There is a certain part of me that wants to beat myself up for the undisciplined nature of my seeking, for the tradition I live and serve in is rooted in a disciplined lifestyle. Frankly, I probably wouldn’t have made it in the Methodist societies of Wesley and Asbury. They would have cast me out as unworthy of the calling (although, in my defense, I’ve been much more consistent when participating in groups of mutual accountability with systems of love and support). And yet, I don’t give up for I want to seek after God. My approaches may change, but the desire doesn’t. And for right now, given the season of my life where I am pulled by the competing needs of congregation and family, the specifics may not be as important as the desire.

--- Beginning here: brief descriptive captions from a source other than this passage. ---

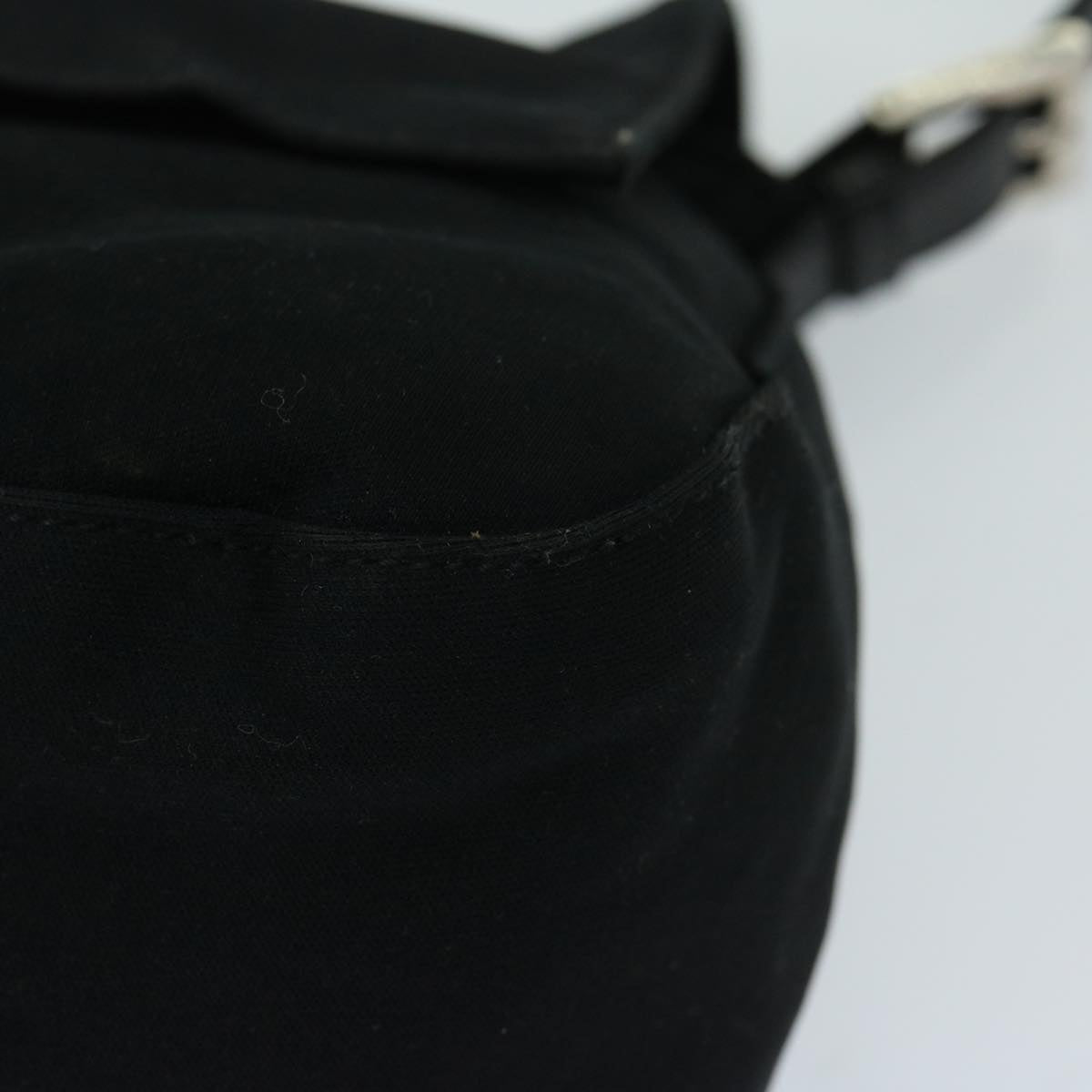 FENDI Mamma Baguette Shoulder Bag Nylon Black yk10749
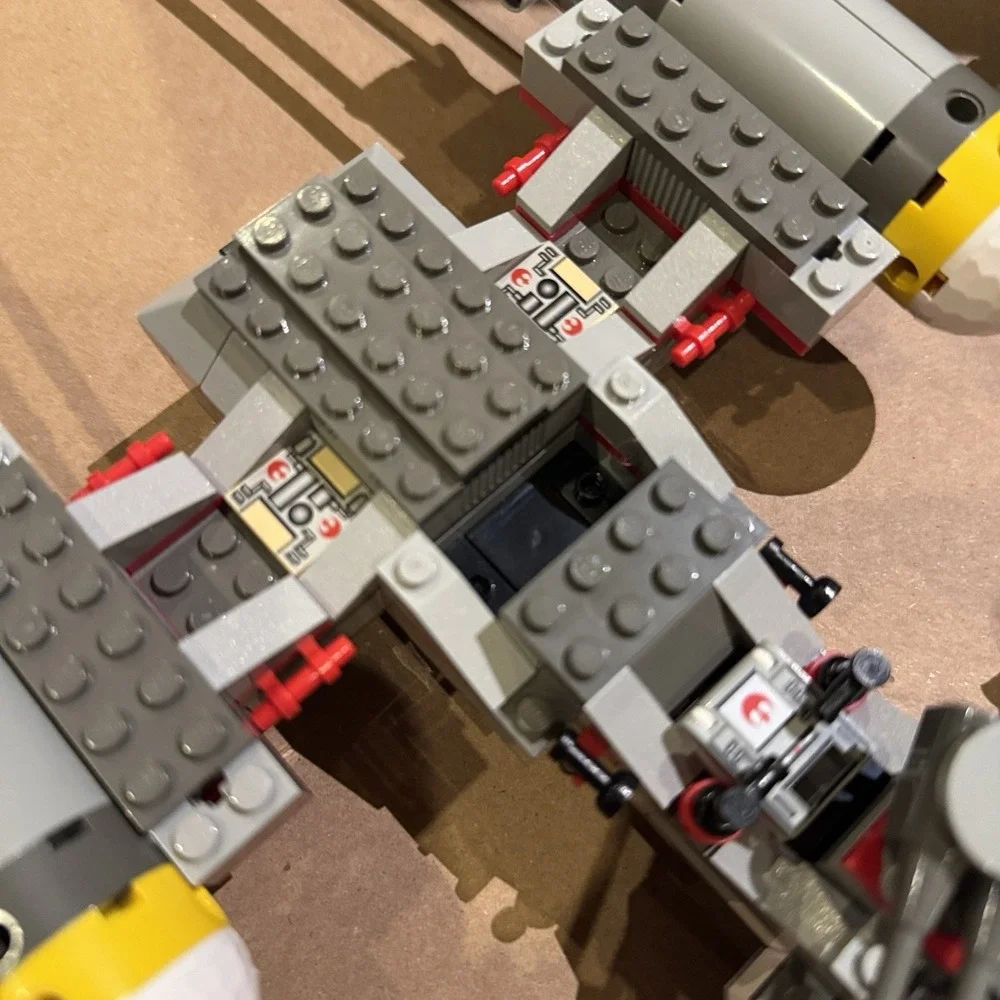 LEGO Star Wars 7150 TIE Fighter & Y-Wing – Complete w/ Box & Instructions - Picture 4 of 16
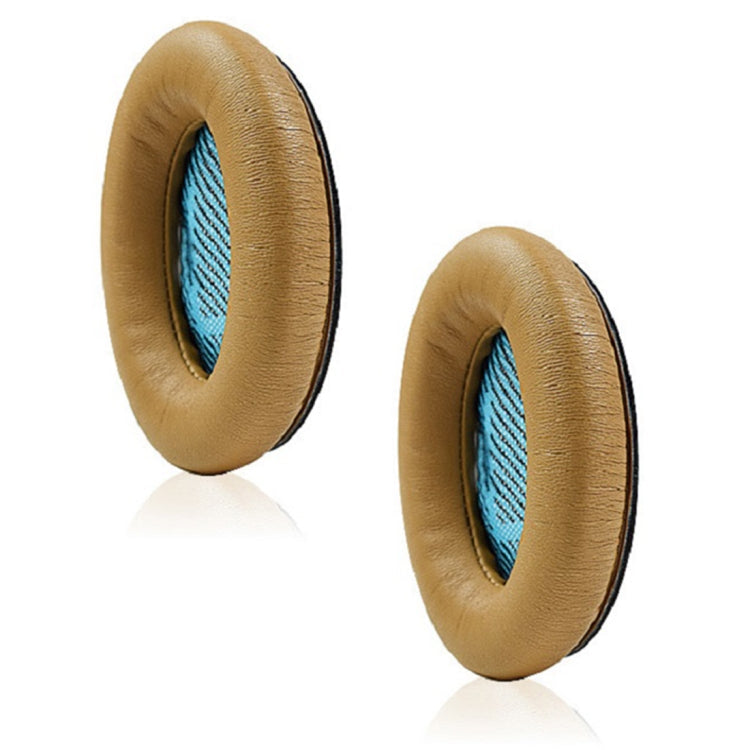 Khaki Lambskin Leather Earphone Covers for BOSE QC15 / QC25 / QC35 (2 PCS)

I write this for I am making another shift in my devotional practices this year. I began this blog as an attempt to reflect on the book Common Prayer, which I still go to regularly. However I’ve been convicted that I am not addressing the biblical text directly for learning and growth. It just so happens that I have a paperback copy of the new Common English Bible New Testament on my desk and I think it’s time to work my way systematically through the New Testament to see again what God can offer. I want to take the stories of Jesus and the reflections of Paul at face value, seeking after what God will reveal to me directly in the text rather than depending on the ruminations and values of others. I’m beginning at the beginning — with Matthew’s gospel, and will work my way through the four gospels and move then into Paul and the other writings. I don’t know where this will go, but we’ll see how long I can sustain this.
Feel free to chime in along the way if you have thoughts.